- **MATERIAL PROVIDED**
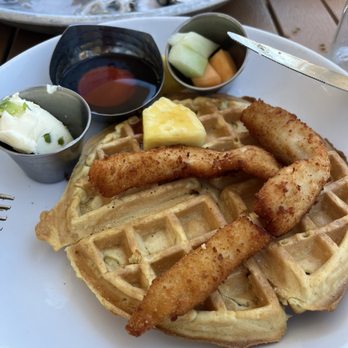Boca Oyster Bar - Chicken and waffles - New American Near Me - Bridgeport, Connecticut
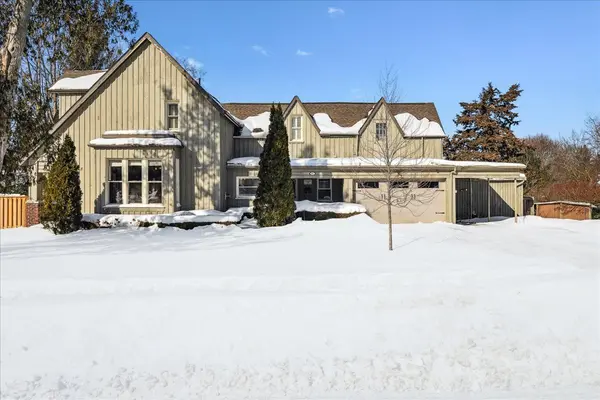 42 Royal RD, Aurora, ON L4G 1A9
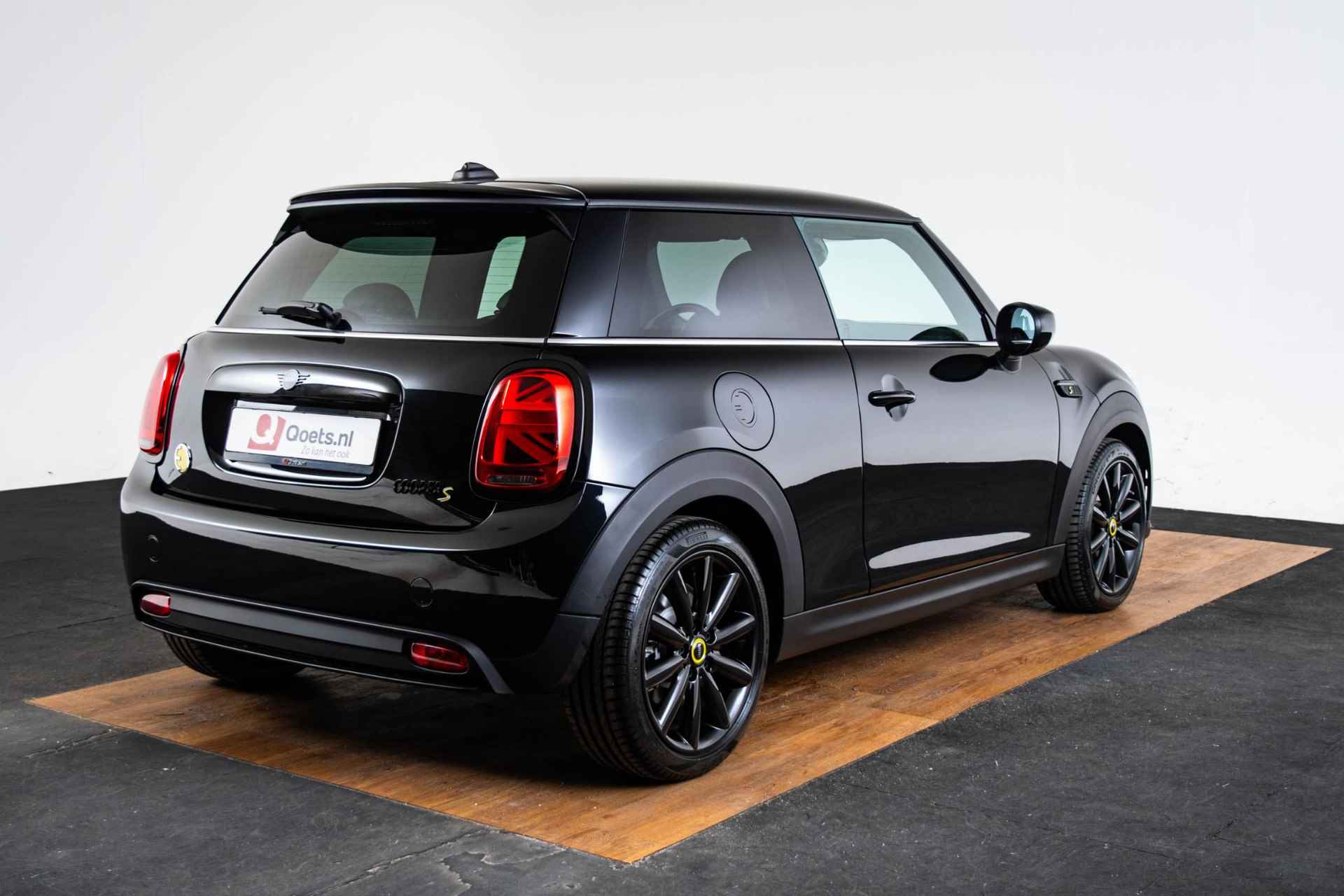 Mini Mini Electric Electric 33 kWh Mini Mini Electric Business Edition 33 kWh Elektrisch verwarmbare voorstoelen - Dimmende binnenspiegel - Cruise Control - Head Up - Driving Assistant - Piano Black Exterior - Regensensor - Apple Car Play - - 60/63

- **WHAT IS BEING ASKED**
All of the material above should be set down again exactly, though not its pictures.

- **RESPONSE**
Boca Oyster Bar - Chicken and waffles - New American Near Me - Bridgeport, Connecticut
 42 Royal RD, Aurora, ON L4G 1A9
 Mini Mini Electric Electric 33 kWh Mini Mini Electric Business Edition 33 kWh Elektrisch verwarmbare voorstoelen - Dimmende binnenspiegel - Cruise Control - Head Up - Driving Assistant - Piano Black Exterior - Regensensor - Apple Car Play - - 60/63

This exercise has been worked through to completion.